- _WHAT IS REQUIRED_
Print the entries below word for word; the pictures stay out of your copy.

══ AVAILABLE DATA ══

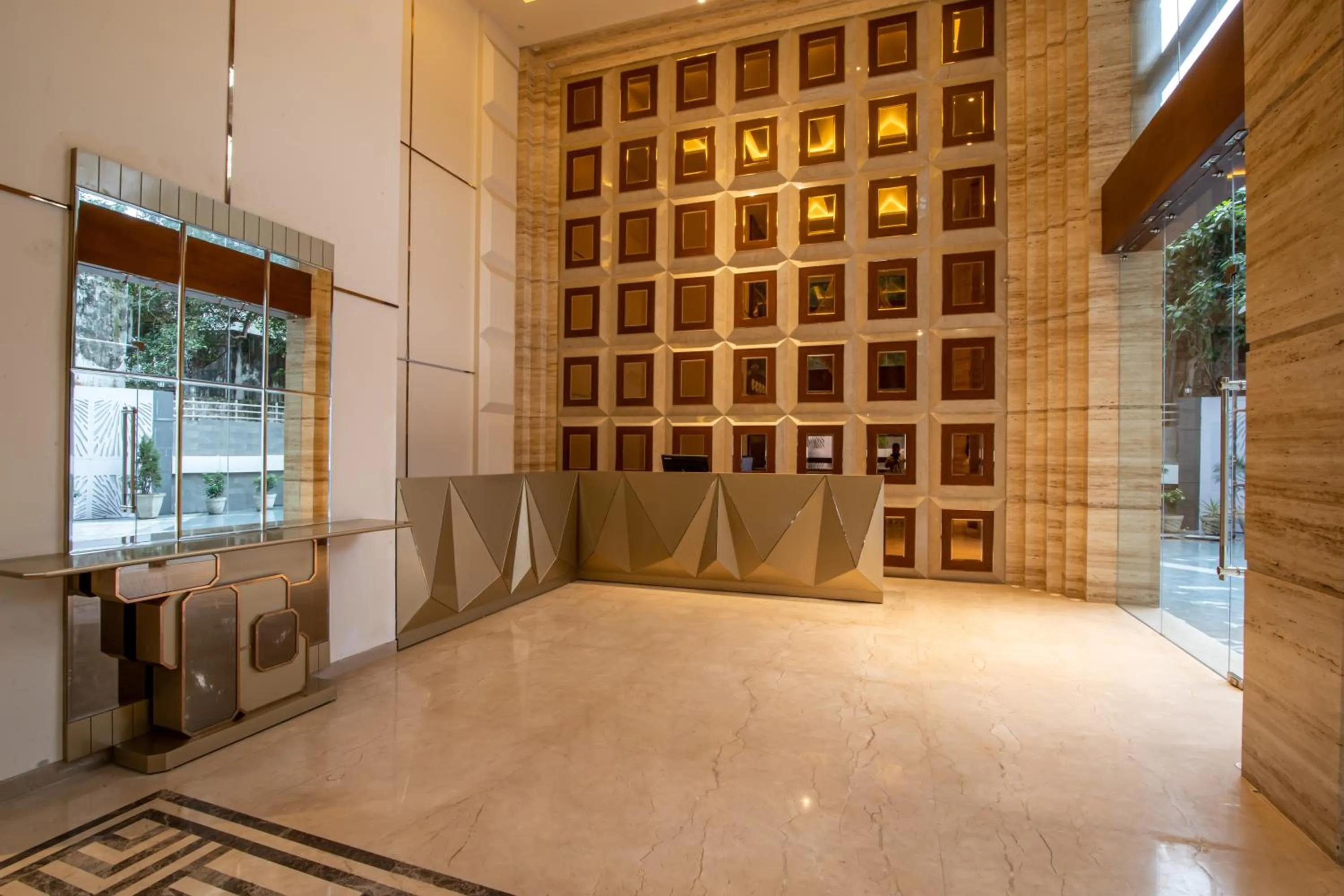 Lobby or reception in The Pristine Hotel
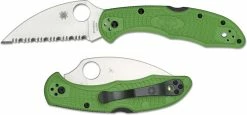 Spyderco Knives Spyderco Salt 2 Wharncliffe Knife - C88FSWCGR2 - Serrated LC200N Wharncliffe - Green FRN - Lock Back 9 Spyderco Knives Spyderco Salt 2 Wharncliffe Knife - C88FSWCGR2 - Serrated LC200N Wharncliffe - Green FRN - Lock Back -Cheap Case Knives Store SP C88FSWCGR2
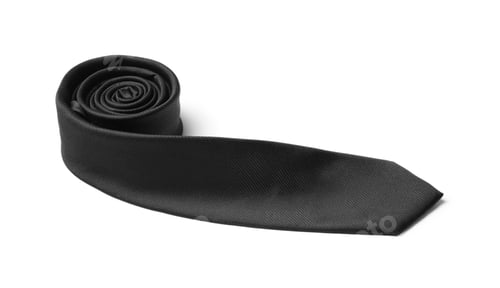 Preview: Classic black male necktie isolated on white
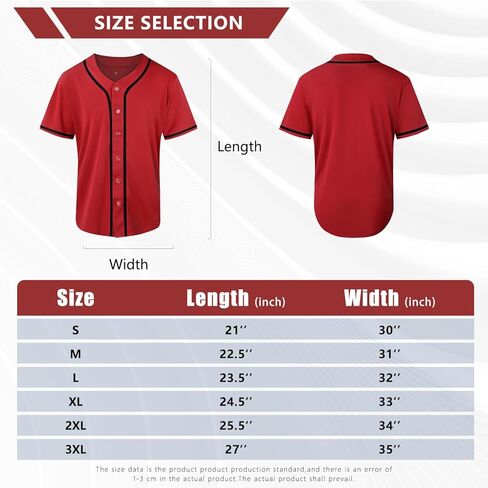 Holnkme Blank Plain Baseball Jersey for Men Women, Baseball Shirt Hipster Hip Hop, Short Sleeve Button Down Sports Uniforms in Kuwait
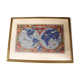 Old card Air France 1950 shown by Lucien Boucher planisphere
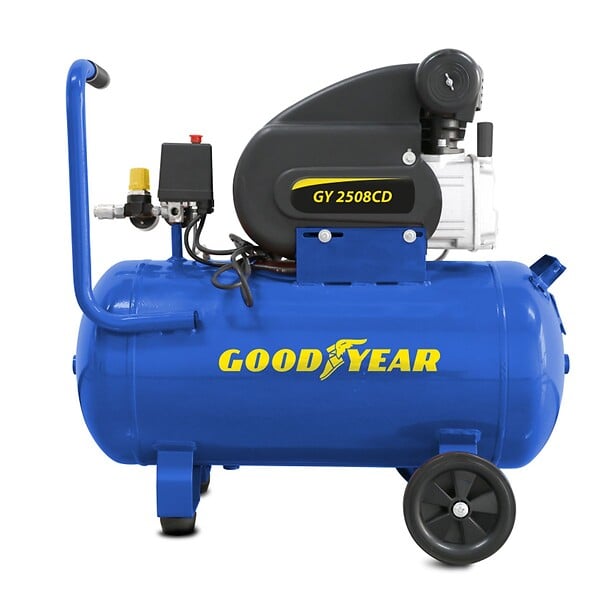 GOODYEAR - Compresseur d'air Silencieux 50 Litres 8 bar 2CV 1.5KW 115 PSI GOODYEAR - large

═══

- _TASK SOLUTION_
 Lobby or reception in The Pristine Hotel
 Spyderco Knives Spyderco Salt 2 Wharncliffe Knife - C88FSWCGR2 - Serrated LC200N Wharncliffe - Green FRN - Lock Back 9 Spyderco Knives Spyderco Salt 2 Wharncliffe Knife - C88FSWCGR2 - Serrated LC200N Wharncliffe - Green FRN - Lock Back -Cheap Case Knives Store SP C88FSWCGR2
 Preview: Classic black male necktie isolated on white
 Holnkme Blank Plain Baseball Jersey for Men Women, Baseball Shirt Hipster Hip Hop, Short Sleeve Button Down Sports Uniforms in Kuwait
 Old card Air France 1950 shown by Lucien Boucher planisphere
 GOODYEAR - Compresseur d'air Silencieux 50 Litres 8 bar 2CV 1.5KW 115 PSI GOODYEAR - large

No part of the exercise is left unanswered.